Data records
○ ○ ○

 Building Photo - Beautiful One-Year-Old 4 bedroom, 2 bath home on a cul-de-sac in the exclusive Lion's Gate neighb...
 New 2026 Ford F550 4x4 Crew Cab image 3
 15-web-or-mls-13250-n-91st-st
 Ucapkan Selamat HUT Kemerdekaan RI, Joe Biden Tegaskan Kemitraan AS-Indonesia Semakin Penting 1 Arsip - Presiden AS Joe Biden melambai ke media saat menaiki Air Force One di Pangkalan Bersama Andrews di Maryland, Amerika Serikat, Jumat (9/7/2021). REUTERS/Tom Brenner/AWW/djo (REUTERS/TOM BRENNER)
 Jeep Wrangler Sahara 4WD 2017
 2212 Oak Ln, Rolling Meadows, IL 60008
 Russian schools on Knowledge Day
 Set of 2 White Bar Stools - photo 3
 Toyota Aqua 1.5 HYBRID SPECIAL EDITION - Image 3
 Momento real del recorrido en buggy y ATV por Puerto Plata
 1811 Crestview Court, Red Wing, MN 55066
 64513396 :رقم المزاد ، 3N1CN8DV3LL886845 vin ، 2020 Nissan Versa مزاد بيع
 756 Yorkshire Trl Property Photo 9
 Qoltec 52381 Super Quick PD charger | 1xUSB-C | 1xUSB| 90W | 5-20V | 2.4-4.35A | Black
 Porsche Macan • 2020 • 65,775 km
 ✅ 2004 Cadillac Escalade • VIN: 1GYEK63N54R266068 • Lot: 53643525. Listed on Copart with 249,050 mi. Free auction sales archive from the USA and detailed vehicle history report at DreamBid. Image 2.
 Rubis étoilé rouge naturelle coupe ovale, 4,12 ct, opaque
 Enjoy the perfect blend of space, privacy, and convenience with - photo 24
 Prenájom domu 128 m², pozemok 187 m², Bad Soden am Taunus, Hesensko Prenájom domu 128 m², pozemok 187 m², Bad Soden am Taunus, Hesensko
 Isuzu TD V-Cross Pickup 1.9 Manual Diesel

○ ○ ○

Could you write out, exactly, each line of the data above from the one containing "Momento real del" through the last, including both?

 Momento real del recorrido en buggy y ATV por Puerto Plata
 1811 Crestview Court, Red Wing, MN 55066
 64513396 :رقم المزاد ، 3N1CN8DV3LL886845 vin ، 2020 Nissan Versa مزاد بيع
 756 Yorkshire Trl Property Photo 9
 Qoltec 52381 Super Quick PD charger | 1xUSB-C | 1xUSB| 90W | 5-20V | 2.4-4.35A | Black
 Porsche Macan • 2020 • 65,775 km
 ✅ 2004 Cadillac Escalade • VIN: 1GYEK63N54R266068 • Lot: 53643525. Listed on Copart with 249,050 mi. Free auction sales archive from the USA and detailed vehicle history report at DreamBid. Image 2.
 Rubis étoilé rouge naturelle coupe ovale, 4,12 ct, opaque
 Enjoy the perfect blend of space, privacy, and convenience with - photo 24
 Prenájom domu 128 m², pozemok 187 m², Bad Soden am Taunus, Hesensko Prenájom domu 128 m², pozemok 187 m², Bad Soden am Taunus, Hesensko
 Isuzu TD V-Cross Pickup 1.9 Manual Diesel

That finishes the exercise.